GRIFFITHS v Westbury Holdings Pty Ltd

Case

[2009] FMCA 1130

16 November 2009


FEDERAL MAGISTRATES COURT OF AUSTRALIA

GRIFFITHS v WESTBURY HOLDINGS PTY LTD [2009] FMCA 1130

TRADE PRACTICES – Supply of goods and services – manufacture and importation of goods – warranties as to fitness – merchantable quality – defects.

PRACTICE AND PROCEDURE – Non-compliance with previous orders – obligations of solicitors where non-compliance – order for dismissal if further step not taken within limited time.

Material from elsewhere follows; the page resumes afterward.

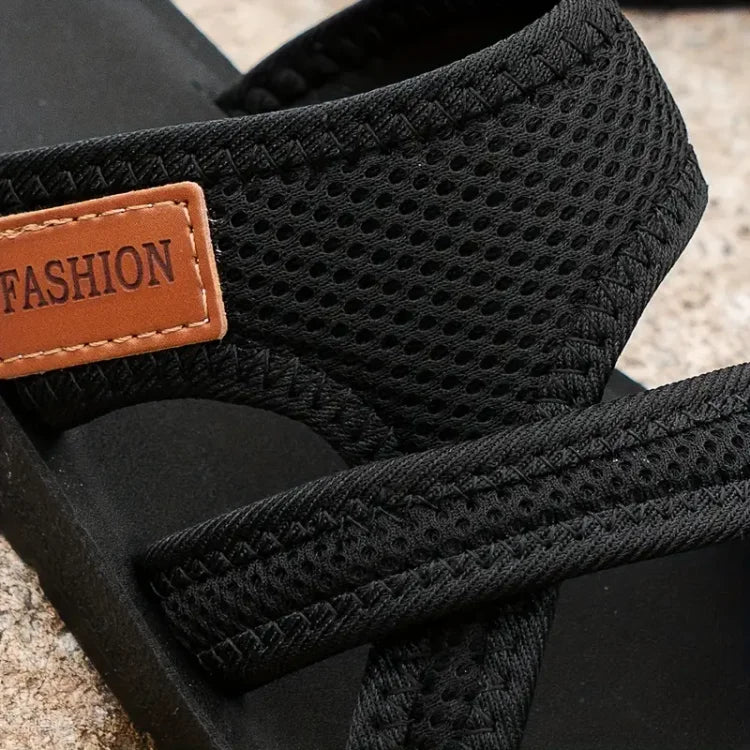 Damen Sommersandalen mit Dämpfung und atmungsaktiver Sohle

Fair Trading Act 1987 (WA), s.79
Federal Magistrates Court Rules 2001 (Cth), rr.13.03B(1)(a), (b) & (c) and (2)(b)
Trade Practices Act 1974 (Cth), ss.74B, 74D, 75AG, 82
Willis v State of Western Australia (No 2) [2009] WASCA 205
Applicant: MICHAEL GRIFFITHS
Respondent: WESTBURY HOLDINGS PTY LTD TRADING AS AIR GROUP AUSTRALIA & SERVICE GROUP AUSTRALIA
File Number: PEG 19 of 2009
Judgment of: Lucev FM
Hearing date: 16 November 2009
Date of Last Submission: 16 November 2009
Delivered at: Perth
Delivered on: 16 November 2009

REPRESENTATION

Counsel for the Applicant: Mr L Torrisi
Solicitors for the Applicant: McLachlan Chilton
Counsel for the Respondent: Mr D McKenna
Solicitors for the Respondent: Jarman McKenna

ORDERS

  1. That the applicant file and serve:

    (i)an amended statement of claim; and

    (ii)any affidavit in support of the application including any expert’s affidavit or report,

    on or before 4 pm on 21 December 2009.

  2. If the applicant fails to comply either in whole or in part with order 1, the application be dismissed.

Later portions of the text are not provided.